In the center of the film is nurse Yoon-yeon from the private clinic of St. Mary in Seoul. The film begins with a scandal - in the X-ray office, someone took a picture at the most compromising moment of a "passionate date" of a couple. After that, after a few days, no one came to work – except for Yoon-yeon and the director of the clinic, Lee Kyung-jin (actress Moon So-ri, known, for example, for the film “Oasis”). And the patients in the clinic are not particularly visible. But the earthquakes began – but small, local, after which holes form in the ground with a radius somewhere the size of a car, but terribly deep, maybe even bottomless.
Such a composition of the film speaks of the deliberate narrowing of the viewer’s attention from the public to the personal, switching his gaze from global catastrophes to personal ones, the depth of which, when viewed from the outside, is often underestimated. So much of the film focuses on Yoon-yeon’s relationship with her boyfriend Sung-won, as well as her collaboration with Director Lee.

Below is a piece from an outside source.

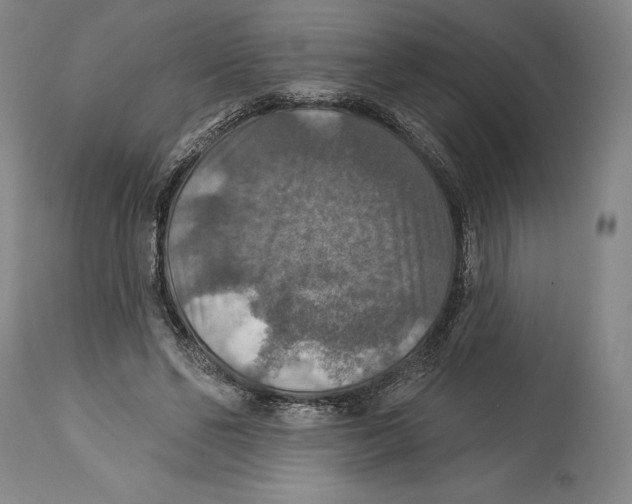 X0000114610494200911171038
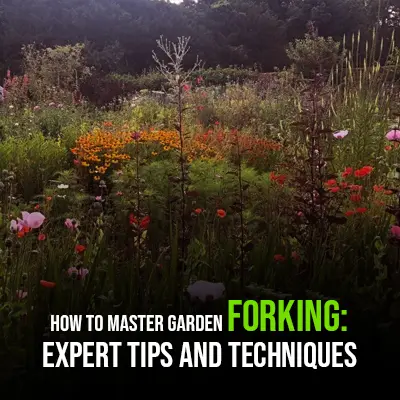 How to Master Garden Forking Expert Tips and Techniques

Slow storytelling without any significant plot twists and turns with a small number of characters is designed to reveal the topic of trust between people, which should be approached slowly and without excessive glance from the outside. It's just Maggie's fish jumping desperately just before another earthquake - and people can kick for no reason. But still, they need to be trusted, Yun-yeon decided for herself, and her example will be to teach the trust of those viewers who will not turn off the film after realizing that this movie is not at all about a scandal in the X-ray office.